FIGS. 7A, 7B, 7C, and 7D illustrate examples of monitored drilling data trends depicted as three-dimensional surfaces in accordance with the present invention;

FIG. 8 illustrates an example of a Bayesian network model that may be used for drilling optimization index calculations in accordance with the present invention;

FIG. 9 illustrates an example of a user interface for a drilling optimization system in accordance with the present invention;

FIG. 10 illustrates a further example of a user interface for a drilling optimization system in accordance with the present invention;

FIG. 11 illustrates an example of an output display dashboard that may be used to depict drilling efficiency or inefficiency to an operator in accordance with the present invention;

FIG. 12 illustrates an exemplary method in accordance with the present invention for analyzing drilling performance and suggesting adjustments to drilling parameters for improved drilling performance using a drilling cone;

FIG. 13 illustrates an exemplary method in accordance with the present invention for determining a drilling cone for optimization of a drilling operation experiencing a stick-slip dysfunction; and

FIG. 14 illustrates exemplary graphical depictions of example drilling operating cones for various possible operational scenarios.

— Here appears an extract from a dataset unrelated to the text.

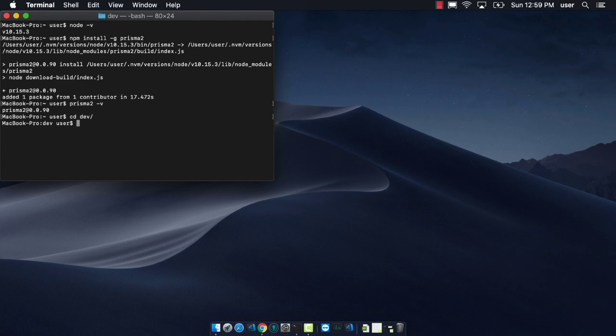We want to go to our development folder and we can run Prisma 2 init and then just the name of our project. So in this case, it will be SQLite Prisma.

FIG. 1 depicts an example of a method 100 in accordance with the present invention for analyzing drilling performance. Method 100 may start 105 and proceed to step 110 to determine whether a data stream is available. A data stream may comprise measurements made by a plurality of sensors measuring ongoing drilling operation parameters. If the conclusion of step 110 is that no data stream is available, method 100 may proceed to stop in step 185. If, however, the data stream is available in step 110, method 100 may proceed to step 115 to read surface torque, rotary speed, weight on bit (WOB), rate of penetration (ROP), differential pressure, toolface angle, and control set points. Method 100 may then proceed to step 120 to synchronize data arriving at different sampling frequencies. Step 120 may accommodate a situation where different rig sensors read and/or report data at different frequencies, thereby permitting the time synchronization of the sensor measurements to accurately depict the trends of the data collected by various sensors as a function of time.

Method 100 may then proceed to step 125 to preprocess the data collected from the sensors. Preprocessing step 125 may remove obvious data outliers, null or missing values from sensor readings, and/or to summarize high-frequency data to one or a few data points. High frequency data may occur, for example, when a particular sensor makes considerably more frequent readings/reports than other sensors.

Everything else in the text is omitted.